Mais le plus gros problème est que le personnage principal ne sert à rien: Vincent, interprété par Daniel AUTEUIL, est censé être le héros du film. Mais il ne fait rien, se contente d'interroger les voyous. Le personnage de FALCO a une véritable incidence sur l'histoire: il vole la cargaison de drogue, manipule les voyous, c'est lui qui fait avancer le film. Le personnage de Vincent pourrait être supprimé du script, cela ne poserait pas réellement de problèmes.

L'Arbalète est un des pires polars des années 80: il se contente de singer les codes des succès de l'époque sans les avoir compris. On peut se moquer lorsque les turcs ou les italiens copiaient les succès américains, mais les français ne font pas mieux. Cependant, j'aime beaucoup ce film: il est un tel exemple d’opportunisme commercial qu'il en devient presque touchant.

 
Tout polar français des années 80 se doit d'avoir une scène dans un bar gay à tendance cuir.

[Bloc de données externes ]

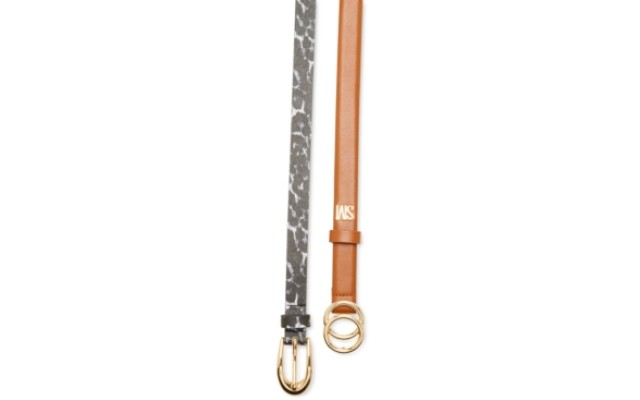  Women’s 2-for-1 Belts, Black/White S/M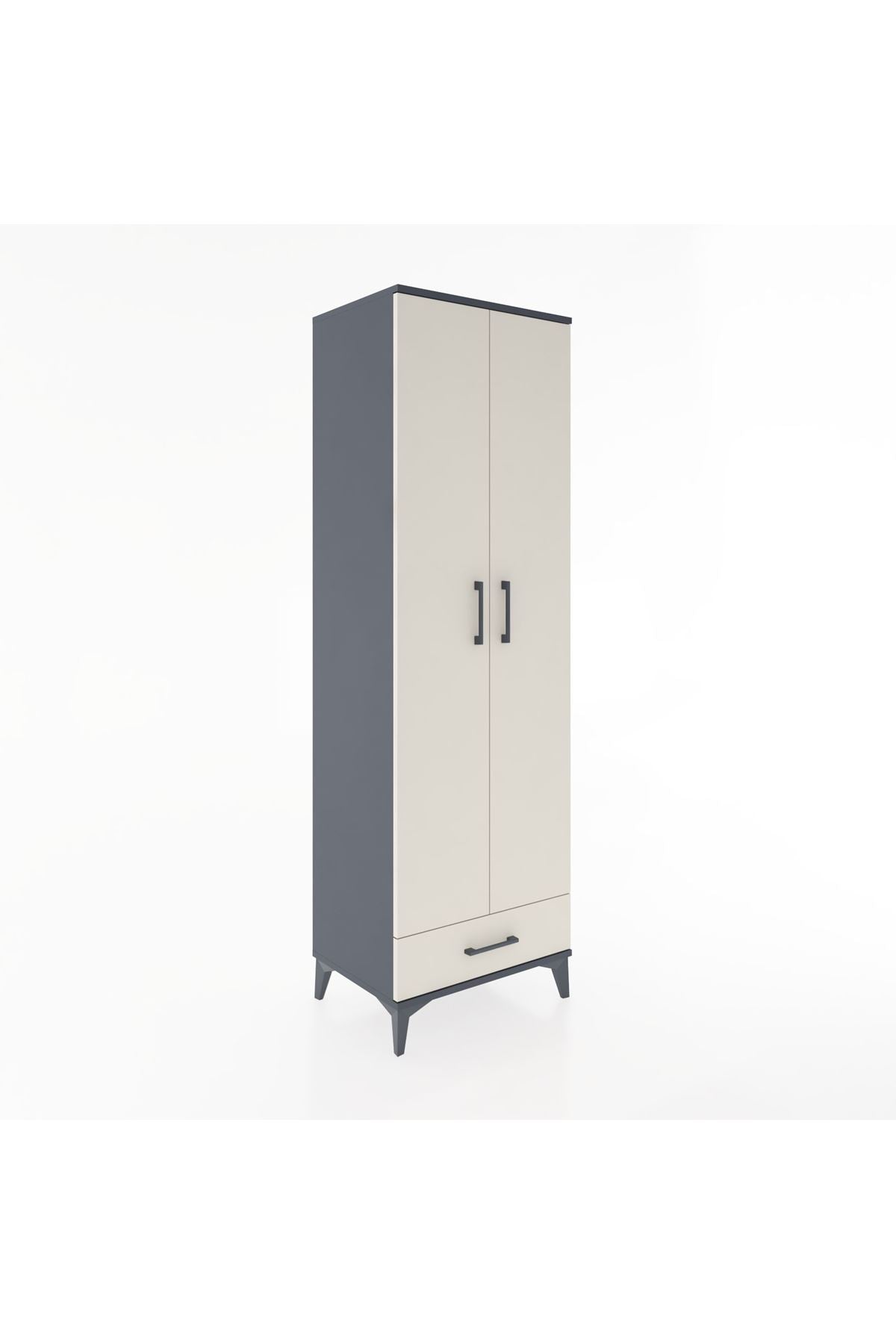 Hyperion Dolap 5 Raflı Tek Çekmeceli Tek Askılı 60x44x195 - S59M088V4B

Didier SAUVEGRAIN, la belle gueule de voyou du cinéma français.


 
Marcel BOZZUFFI, l'homme qui était pourchassé par Gene HACKMAN dans French Connection


 
Voici la tête que devait faire Daniel AUTEUIL lorsqu'il a vu le résultat à l'écran.


 
Le repère des Justiciers, néo-nazis vivant dans des caravanes.


 
Marisa BERENSON qui tournait pour KUBRICK quelques années auparavant.